We represented an industrial company, which simply outgrew its plant. We negotiated a purchase of vacant land directly from the owner at a favorable price. We prepared construction contracts for the new plant and helped secure low-interest financing through tax-exempt industrial revenue bonds issued by the village. Our client wanted to reward his key employees, not through issuance of corporate stock, but by allowing the key employees to buy an interest in the new plant. We organized a limited partnership to do that, and put a buy/sell arrangement in the limited partnership agreement to keep the ownership interests in the original group. The limited partnership then leased the plant to the industrial company. The plan worked, as all of the key employees have stayed with the company. Afterwards, the plant expanded (twice) and has been refinanced, and a second group of key employees has been added.
Following a merger, our client received a large block of restricted stock in a single public company. The client wanted to sell much of the stock and diversify his portfolio, but didn’t want to pay the large capital gains tax that would be assessed. We asked the client about his long term objectives and discovered that he wanted to provide a steady source of income for himself and his wife, and also to benefit a charity. We therefore recommended that a large block of the stock be placed in a charitable remainder trust with a corporate trustee. The trustee would sell the stock and diversify the portfolio, paying an annuity to the client and his wife for life. The stock was sold without payment of the large capital gains tax. The couple has a steady income stream for the future, and an immediate income tax deduction that the client used to offset gains from sales of stock outside of the trust.

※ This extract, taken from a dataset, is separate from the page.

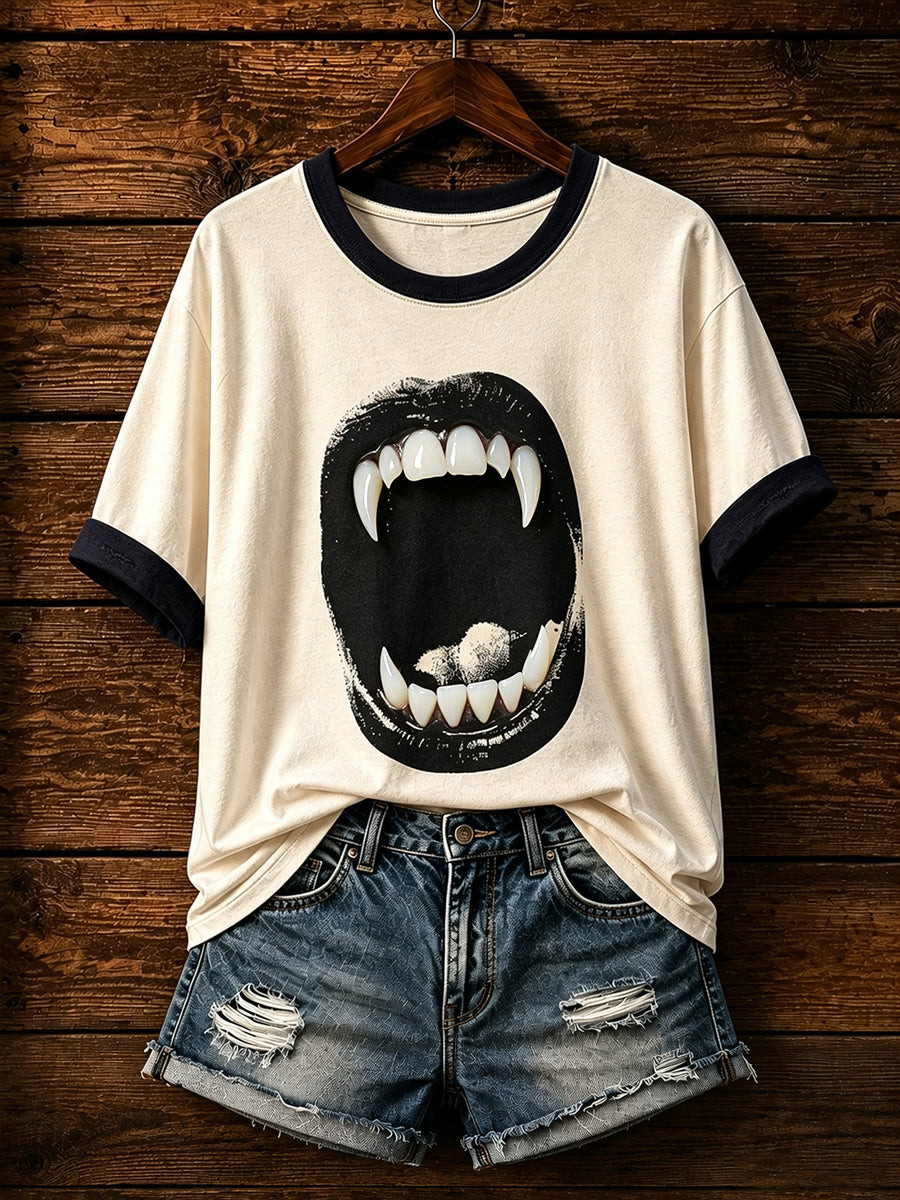 Vampire Fangs Mouth T-Shirt Funny Halloween Clothing Gift Ideas For Horror Lovers - Gwh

A couple came to us concerned about estate taxes, asset protection and succession planning. They wanted to provide for their children, but they wanted their children’s inheritances to be protected from creditors. We first considered the couple’s needs without thinking of the tax ramifications, as we wanted to a plan that met their wishes and was not driven by taxes. We then considered how to achieve the couple’s goals in a way that was both tax-efficient and flexible, to allow for additional planning as conditions changed. Ultimately, we created a limited partnership in which the clients, their children, trusts, and a limited liability company were partners. The couple and their children each contributed assets to the partnership, and the couple then sold and gifted partnership interests to the trusts, which were for the children and grandchildren. The LLC managed the partnership, and was run by the children, who are now managing the family assets and diversifying the family’s business interests, including real estate developments and franchises. The couple also created a life insurance trust for the children and designated a family charitable foundation as the beneficiary of their large retirement plans, thus avoiding both estate and income tax on these assets at death.